D'où le discrédit, notamment au sein des classes populaires, du modèle occidental et des forces politiques qui s'en font les défenseurs et les vecteurs. D'où aussi le repli sur les traditions et le regain de légitimité du discours fondamentaliste et intégriste, seule alternative crédible à un modèle ayant manifestement fait banqueroute ; d'autant plus que les mouvements intégristes ont toujours privilégié leur implantation dans les milieux populaires plutôt que dans les milieux dirigeants. Au mirage moderniste est venu se substituer le prophétisme islamique. Le succès de la "révolution islamique" en Iran n'aura fait que précipiter les choses en fournissant un modèle crédible à tous les intégristes au sein du monde musulman.
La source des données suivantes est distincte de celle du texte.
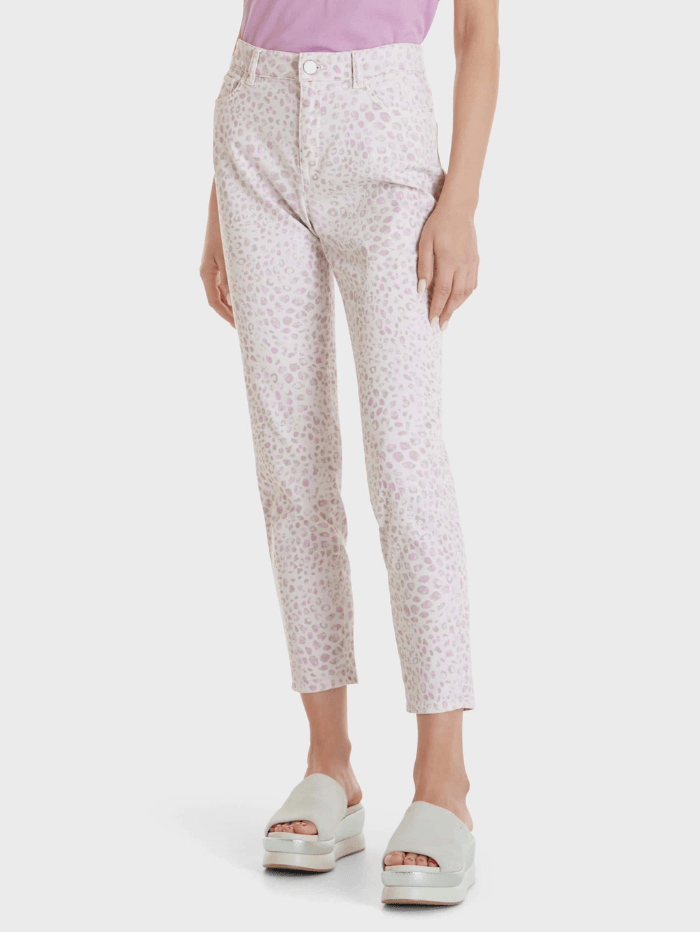 Marc Cain Sports Trousers:Jeans Marc Cain Sports Animal Print Jeans SS 82.05 D75 COL 735 izzi-of-baslow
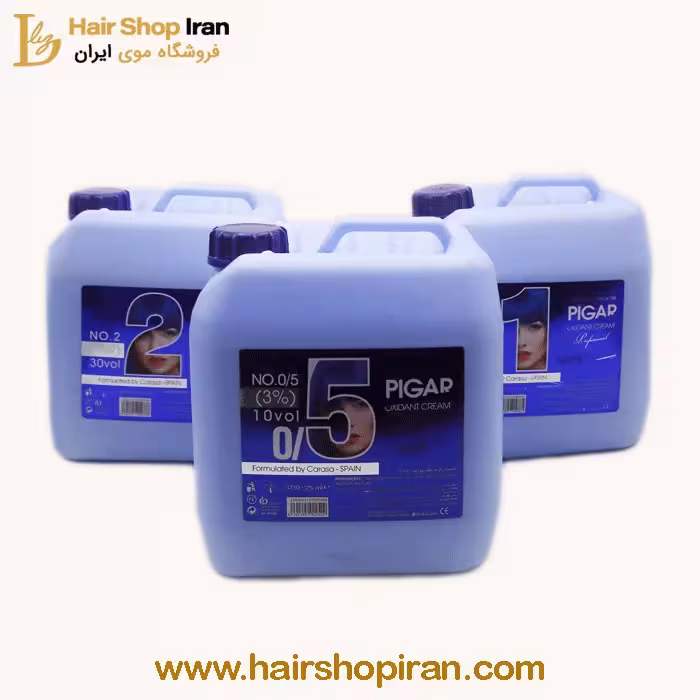 اکسیدان 3750 میل پیگار نمره 1 – 6درصد Pigar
Quant à la montée de l’islamiste dans les populations musulmanes immigrées dans les pays occidentaux, elle se relie plus directement encore à la crise de légitimité de la modernité occidentale et plus précisément à celle de l'Etat, par l'intermédiaire de l'échec relatif de leur intégration. Echec que traduit le fait que ces populations se retrouvent marginalisées dans de véritables ghettos, supportant toutes les formes d'exclusion (du travail, de l'école, de la formation professionnelle, de la prise en charge administrative, etc.) qui frappent aujourd'hui les "laissés-pour-compte" de la contre-réforme néo-libérale, auxquelles s’ajoute la xénophobie et le racisme dont ils sont couramment victimes. Leur situation est alors comme l'illustration vivante de toutes les crises précédemment détaillées, et d'abord de celle de l'Etat démocratique qui les abandonnent à leur sort, en démentant lui-même ses propres idéaux. Ne leur reste plus alors pour affirmer leur dignité, pour se forger une conscience collective qui leur permet de résister et de se défendre qu'à se replier sur la revendication agressive de leur identité musulmane.